• **Source data**:

────────────────────

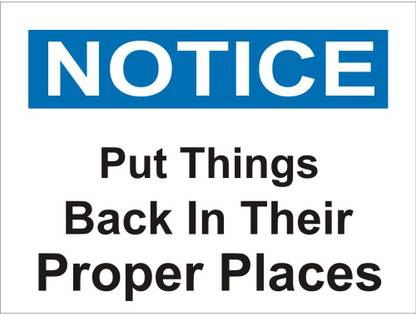Clickforsign Put things back in their Proper places Emergency Sign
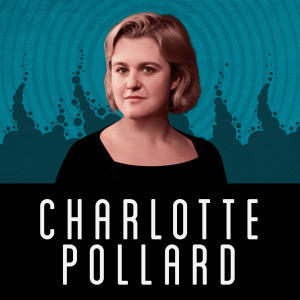 Charlotte Pollard Returns!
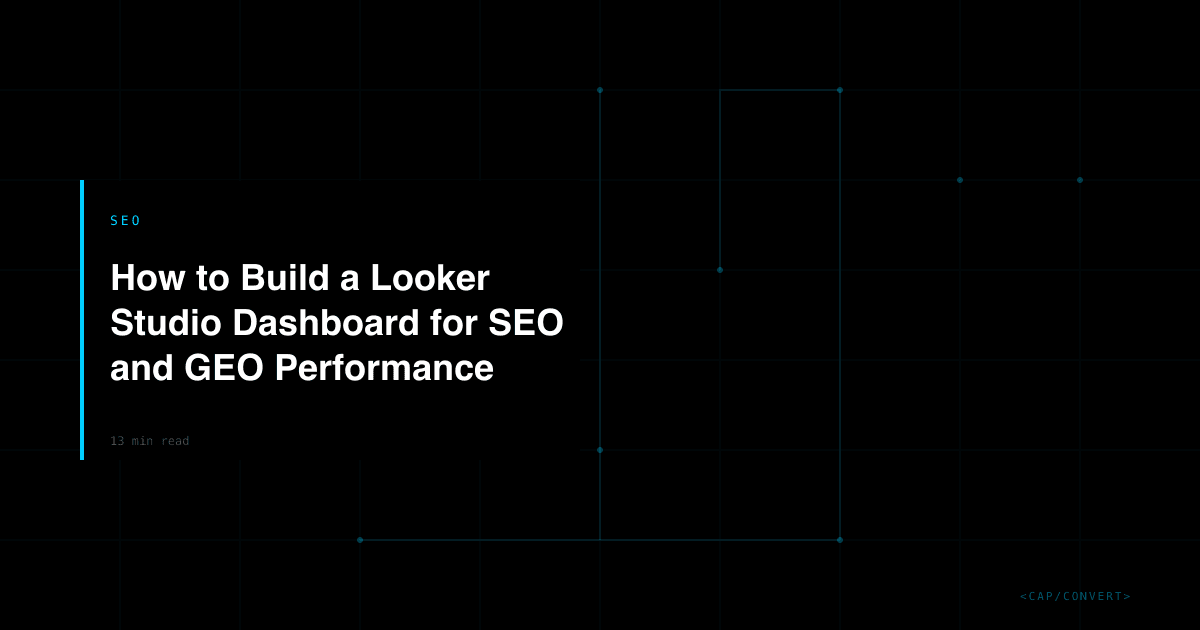 How to Build a Looker Studio Dashboard for SEO and GEO Performance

────────────────────

• **Your assignment**: Restate the entire listing word for word, excluding pictures.

• **Solution**:
Clickforsign Put things back in their Proper places Emergency Sign
 Charlotte Pollard Returns!
 How to Build a Looker Studio Dashboard for SEO and GEO Performance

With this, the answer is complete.